Your objective: An exact copy of the listing below is required.

Data for this task:
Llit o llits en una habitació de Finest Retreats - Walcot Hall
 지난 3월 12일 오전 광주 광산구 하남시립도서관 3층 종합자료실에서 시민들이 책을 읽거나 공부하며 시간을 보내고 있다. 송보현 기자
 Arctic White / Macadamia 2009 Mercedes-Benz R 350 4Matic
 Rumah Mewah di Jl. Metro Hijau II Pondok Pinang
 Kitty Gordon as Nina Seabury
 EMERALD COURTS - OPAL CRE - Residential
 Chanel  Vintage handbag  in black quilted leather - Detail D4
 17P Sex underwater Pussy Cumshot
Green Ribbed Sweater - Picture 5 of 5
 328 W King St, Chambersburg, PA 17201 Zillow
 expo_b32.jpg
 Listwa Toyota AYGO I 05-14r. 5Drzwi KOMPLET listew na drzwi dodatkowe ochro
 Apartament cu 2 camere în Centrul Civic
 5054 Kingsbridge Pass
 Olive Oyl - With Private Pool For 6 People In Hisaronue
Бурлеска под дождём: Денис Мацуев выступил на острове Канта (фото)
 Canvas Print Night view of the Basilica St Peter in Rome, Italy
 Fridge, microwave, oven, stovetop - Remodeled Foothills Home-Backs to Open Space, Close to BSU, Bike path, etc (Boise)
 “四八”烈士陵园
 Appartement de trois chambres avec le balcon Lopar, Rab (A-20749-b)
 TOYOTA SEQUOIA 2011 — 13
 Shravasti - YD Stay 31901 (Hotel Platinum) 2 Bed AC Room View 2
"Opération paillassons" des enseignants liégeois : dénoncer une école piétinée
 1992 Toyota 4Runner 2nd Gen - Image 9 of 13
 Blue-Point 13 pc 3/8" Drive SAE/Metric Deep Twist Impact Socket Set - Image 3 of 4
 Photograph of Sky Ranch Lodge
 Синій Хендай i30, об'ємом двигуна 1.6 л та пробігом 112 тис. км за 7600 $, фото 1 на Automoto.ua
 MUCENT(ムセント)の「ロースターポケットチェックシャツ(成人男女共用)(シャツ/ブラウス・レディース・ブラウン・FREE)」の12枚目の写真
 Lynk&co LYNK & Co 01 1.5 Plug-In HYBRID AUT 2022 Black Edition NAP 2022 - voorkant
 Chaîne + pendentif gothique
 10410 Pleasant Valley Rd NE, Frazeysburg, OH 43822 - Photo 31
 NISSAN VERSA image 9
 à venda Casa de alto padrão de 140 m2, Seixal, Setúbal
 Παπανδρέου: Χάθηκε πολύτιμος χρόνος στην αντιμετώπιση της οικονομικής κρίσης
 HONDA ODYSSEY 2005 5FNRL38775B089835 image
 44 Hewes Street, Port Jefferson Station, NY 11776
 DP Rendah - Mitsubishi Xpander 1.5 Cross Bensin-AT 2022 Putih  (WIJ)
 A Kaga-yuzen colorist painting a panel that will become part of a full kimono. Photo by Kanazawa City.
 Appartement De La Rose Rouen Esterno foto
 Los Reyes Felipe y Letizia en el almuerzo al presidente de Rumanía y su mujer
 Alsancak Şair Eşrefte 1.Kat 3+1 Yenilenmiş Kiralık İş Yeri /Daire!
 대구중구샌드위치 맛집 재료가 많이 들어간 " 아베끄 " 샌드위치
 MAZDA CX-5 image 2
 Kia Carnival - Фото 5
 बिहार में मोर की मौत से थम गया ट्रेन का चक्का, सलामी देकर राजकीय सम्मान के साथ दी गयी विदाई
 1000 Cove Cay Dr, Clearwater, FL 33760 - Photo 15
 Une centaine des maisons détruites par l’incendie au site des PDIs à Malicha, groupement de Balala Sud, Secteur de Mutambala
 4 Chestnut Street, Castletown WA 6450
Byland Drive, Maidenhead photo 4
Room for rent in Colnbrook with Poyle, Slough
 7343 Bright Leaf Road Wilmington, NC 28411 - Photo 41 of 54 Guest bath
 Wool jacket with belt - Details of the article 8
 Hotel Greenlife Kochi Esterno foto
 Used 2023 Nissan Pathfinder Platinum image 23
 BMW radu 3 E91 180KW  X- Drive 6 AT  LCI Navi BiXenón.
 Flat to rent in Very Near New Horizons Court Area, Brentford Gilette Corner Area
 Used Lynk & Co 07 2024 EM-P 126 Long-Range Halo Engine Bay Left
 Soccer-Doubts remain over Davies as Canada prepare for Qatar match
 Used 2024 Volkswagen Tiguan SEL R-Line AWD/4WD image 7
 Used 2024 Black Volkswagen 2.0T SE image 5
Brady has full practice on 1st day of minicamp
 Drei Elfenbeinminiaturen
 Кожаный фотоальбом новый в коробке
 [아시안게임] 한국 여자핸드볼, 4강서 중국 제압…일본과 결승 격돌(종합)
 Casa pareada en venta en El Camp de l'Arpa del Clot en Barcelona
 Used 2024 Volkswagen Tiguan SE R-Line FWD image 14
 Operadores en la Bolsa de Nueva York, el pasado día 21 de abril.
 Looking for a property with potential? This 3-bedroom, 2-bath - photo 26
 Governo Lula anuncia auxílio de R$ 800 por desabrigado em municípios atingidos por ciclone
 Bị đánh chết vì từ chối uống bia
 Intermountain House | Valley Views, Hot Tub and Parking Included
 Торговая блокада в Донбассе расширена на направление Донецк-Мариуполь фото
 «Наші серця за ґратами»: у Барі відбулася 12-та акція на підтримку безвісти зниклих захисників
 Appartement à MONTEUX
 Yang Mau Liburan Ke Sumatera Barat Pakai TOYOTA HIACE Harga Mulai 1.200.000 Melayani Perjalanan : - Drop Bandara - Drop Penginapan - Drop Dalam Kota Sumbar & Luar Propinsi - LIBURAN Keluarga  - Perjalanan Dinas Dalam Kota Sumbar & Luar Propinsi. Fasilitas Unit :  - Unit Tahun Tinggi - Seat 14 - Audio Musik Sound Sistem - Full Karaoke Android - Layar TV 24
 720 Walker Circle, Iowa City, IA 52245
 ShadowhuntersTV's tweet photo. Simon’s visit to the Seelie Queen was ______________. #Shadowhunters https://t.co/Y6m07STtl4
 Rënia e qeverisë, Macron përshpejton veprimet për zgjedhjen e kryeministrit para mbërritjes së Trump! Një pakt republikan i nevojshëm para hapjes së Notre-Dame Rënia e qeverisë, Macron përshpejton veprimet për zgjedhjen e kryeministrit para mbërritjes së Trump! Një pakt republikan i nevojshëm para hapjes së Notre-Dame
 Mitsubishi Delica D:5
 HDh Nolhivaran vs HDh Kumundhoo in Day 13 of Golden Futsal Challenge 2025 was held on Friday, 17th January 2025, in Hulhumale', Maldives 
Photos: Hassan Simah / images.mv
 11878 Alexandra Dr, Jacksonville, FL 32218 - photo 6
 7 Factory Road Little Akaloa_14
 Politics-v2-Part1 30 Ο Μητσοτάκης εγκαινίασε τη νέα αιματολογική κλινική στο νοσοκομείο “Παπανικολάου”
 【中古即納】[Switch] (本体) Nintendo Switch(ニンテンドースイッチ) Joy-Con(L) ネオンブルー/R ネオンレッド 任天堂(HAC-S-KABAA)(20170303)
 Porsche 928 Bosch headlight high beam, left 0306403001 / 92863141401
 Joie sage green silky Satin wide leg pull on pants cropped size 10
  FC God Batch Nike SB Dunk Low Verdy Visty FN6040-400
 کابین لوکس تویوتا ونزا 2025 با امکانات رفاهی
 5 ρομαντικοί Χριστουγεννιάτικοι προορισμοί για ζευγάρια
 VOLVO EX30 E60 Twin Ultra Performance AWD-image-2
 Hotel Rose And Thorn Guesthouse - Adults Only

Answer:
Llit o llits en una habitació de Finest Retreats - Walcot Hall
 지난 3월 12일 오전 광주 광산구 하남시립도서관 3층 종합자료실에서 시민들이 책을 읽거나 공부하며 시간을 보내고 있다. 송보현 기자
 Arctic White / Macadamia 2009 Mercedes-Benz R 350 4Matic
 Rumah Mewah di Jl. Metro Hijau II Pondok Pinang
 Kitty Gordon as Nina Seabury
 EMERALD COURTS - OPAL CRE - Residential
 Chanel  Vintage handbag  in black quilted leather - Detail D4
 17P Sex underwater Pussy Cumshot
Green Ribbed Sweater - Picture 5 of 5
 328 W King St, Chambersburg, PA 17201 Zillow
 expo_b32.jpg
 Listwa Toyota AYGO I 05-14r. 5Drzwi KOMPLET listew na drzwi dodatkowe ochro
 Apartament cu 2 camere în Centrul Civic
 5054 Kingsbridge Pass
 Olive Oyl - With Private Pool For 6 People In Hisaronue
Бурлеска под дождём: Денис Мацуев выступил на острове Канта (фото)
 Canvas Print Night view of the Basilica St Peter in Rome, Italy
 Fridge, microwave, oven, stovetop - Remodeled Foothills Home-Backs to Open Space, Close to BSU, Bike path, etc (Boise)
 “四八”烈士陵园
 Appartement de trois chambres avec le balcon Lopar, Rab (A-20749-b)
 TOYOTA SEQUOIA 2011 — 13
 Shravasti - YD Stay 31901 (Hotel Platinum) 2 Bed AC Room View 2
"Opération paillassons" des enseignants liégeois : dénoncer une école piétinée
 1992 Toyota 4Runner 2nd Gen - Image 9 of 13
 Blue-Point 13 pc 3/8" Drive SAE/Metric Deep Twist Impact Socket Set - Image 3 of 4
 Photograph of Sky Ranch Lodge
 Синій Хендай i30, об'ємом двигуна 1.6 л та пробігом 112 тис. км за 7600 $, фото 1 на Automoto.ua
 MUCENT(ムセント)の「ロースターポケットチェックシャツ(成人男女共用)(シャツ/ブラウス・レディース・ブラウン・FREE)」の12枚目の写真
 Lynk&co LYNK & Co 01 1.5 Plug-In HYBRID AUT 2022 Black Edition NAP 2022 - voorkant
 Chaîne + pendentif gothique
 10410 Pleasant Valley Rd NE, Frazeysburg, OH 43822 - Photo 31
 NISSAN VERSA image 9
 à venda Casa de alto padrão de 140 m2, Seixal, Setúbal
 Παπανδρέου: Χάθηκε πολύτιμος χρόνος στην αντιμετώπιση της οικονομικής κρίσης
 HONDA ODYSSEY 2005 5FNRL38775B089835 image
 44 Hewes Street, Port Jefferson Station, NY 11776
 DP Rendah - Mitsubishi Xpander 1.5 Cross Bensin-AT 2022 Putih  (WIJ)
 A Kaga-yuzen colorist painting a panel that will become part of a full kimono. Photo by Kanazawa City.
 Appartement De La Rose Rouen Esterno foto
 Los Reyes Felipe y Letizia en el almuerzo al presidente de Rumanía y su mujer
 Alsancak Şair Eşrefte 1.Kat 3+1 Yenilenmiş Kiralık İş Yeri /Daire!
 대구중구샌드위치 맛집 재료가 많이 들어간 " 아베끄 " 샌드위치
 MAZDA CX-5 image 2
 Kia Carnival - Фото 5
 बिहार में मोर की मौत से थम गया ट्रेन का चक्का, सलामी देकर राजकीय सम्मान के साथ दी गयी विदाई
 1000 Cove Cay Dr, Clearwater, FL 33760 - Photo 15
 Une centaine des maisons détruites par l’incendie au site des PDIs à Malicha, groupement de Balala Sud, Secteur de Mutambala
 4 Chestnut Street, Castletown WA 6450
Byland Drive, Maidenhead photo 4
Room for rent in Colnbrook with Poyle, Slough
 7343 Bright Leaf Road Wilmington, NC 28411 - Photo 41 of 54 Guest bath
 Wool jacket with belt - Details of the article 8
 Hotel Greenlife Kochi Esterno foto
 Used 2023 Nissan Pathfinder Platinum image 23
 BMW radu 3 E91 180KW  X- Drive 6 AT  LCI Navi BiXenón.
 Flat to rent in Very Near New Horizons Court Area, Brentford Gilette Corner Area
 Used Lynk & Co 07 2024 EM-P 126 Long-Range Halo Engine Bay Left
 Soccer-Doubts remain over Davies as Canada prepare for Qatar match
 Used 2024 Volkswagen Tiguan SEL R-Line AWD/4WD image 7
 Used 2024 Black Volkswagen 2.0T SE image 5
Brady has full practice on 1st day of minicamp
 Drei Elfenbeinminiaturen
 Кожаный фотоальбом новый в коробке
 [아시안게임] 한국 여자핸드볼, 4강서 중국 제압…일본과 결승 격돌(종합)
 Casa pareada en venta en El Camp de l'Arpa del Clot en Barcelona
 Used 2024 Volkswagen Tiguan SE R-Line FWD image 14
 Operadores en la Bolsa de Nueva York, el pasado día 21 de abril.
 Looking for a property with potential? This 3-bedroom, 2-bath - photo 26
 Governo Lula anuncia auxílio de R$ 800 por desabrigado em municípios atingidos por ciclone
 Bị đánh chết vì từ chối uống bia
 Intermountain House | Valley Views, Hot Tub and Parking Included
 Торговая блокада в Донбассе расширена на направление Донецк-Мариуполь фото
 «Наші серця за ґратами»: у Барі відбулася 12-та акція на підтримку безвісти зниклих захисників
 Appartement à MONTEUX
 Yang Mau Liburan Ke Sumatera Barat Pakai TOYOTA HIACE Harga Mulai 1.200.000 Melayani Perjalanan : - Drop Bandara - Drop Penginapan - Drop Dalam Kota Sumbar & Luar Propinsi - LIBURAN Keluarga  - Perjalanan Dinas Dalam Kota Sumbar & Luar Propinsi. Fasilitas Unit :  - Unit Tahun Tinggi - Seat 14 - Audio Musik Sound Sistem - Full Karaoke Android - Layar TV 24
 720 Walker Circle, Iowa City, IA 52245
 ShadowhuntersTV's tweet photo. Simon’s visit to the Seelie Queen was ______________. #Shadowhunters https://t.co/Y6m07STtl4
 Rënia e qeverisë, Macron përshpejton veprimet për zgjedhjen e kryeministrit para mbërritjes së Trump! Një pakt republikan i nevojshëm para hapjes së Notre-Dame Rënia e qeverisë, Macron përshpejton veprimet për zgjedhjen e kryeministrit para mbërritjes së Trump! Një pakt republikan i nevojshëm para hapjes së Notre-Dame
 Mitsubishi Delica D:5
 HDh Nolhivaran vs HDh Kumundhoo in Day 13 of Golden Futsal Challenge 2025 was held on Friday, 17th January 2025, in Hulhumale', Maldives 
Photos: Hassan Simah / images.mv
 11878 Alexandra Dr, Jacksonville, FL 32218 - photo 6
 7 Factory Road Little Akaloa_14
 Politics-v2-Part1 30 Ο Μητσοτάκης εγκαινίασε τη νέα αιματολογική κλινική στο νοσοκομείο “Παπανικολάου”
 【中古即納】[Switch] (本体) Nintendo Switch(ニンテンドースイッチ) Joy-Con(L) ネオンブルー/R ネオンレッド 任天堂(HAC-S-KABAA)(20170303)
 Porsche 928 Bosch headlight high beam, left 0306403001 / 92863141401
 Joie sage green silky Satin wide leg pull on pants cropped size 10
  FC God Batch Nike SB Dunk Low Verdy Visty FN6040-400
 کابین لوکس تویوتا ونزا 2025 با امکانات رفاهی
 5 ρομαντικοί Χριστουγεννιάτικοι προορισμοί για ζευγάρια
 VOLVO EX30 E60 Twin Ultra Performance AWD-image-2
 Hotel Rose And Thorn Guesthouse - Adults Only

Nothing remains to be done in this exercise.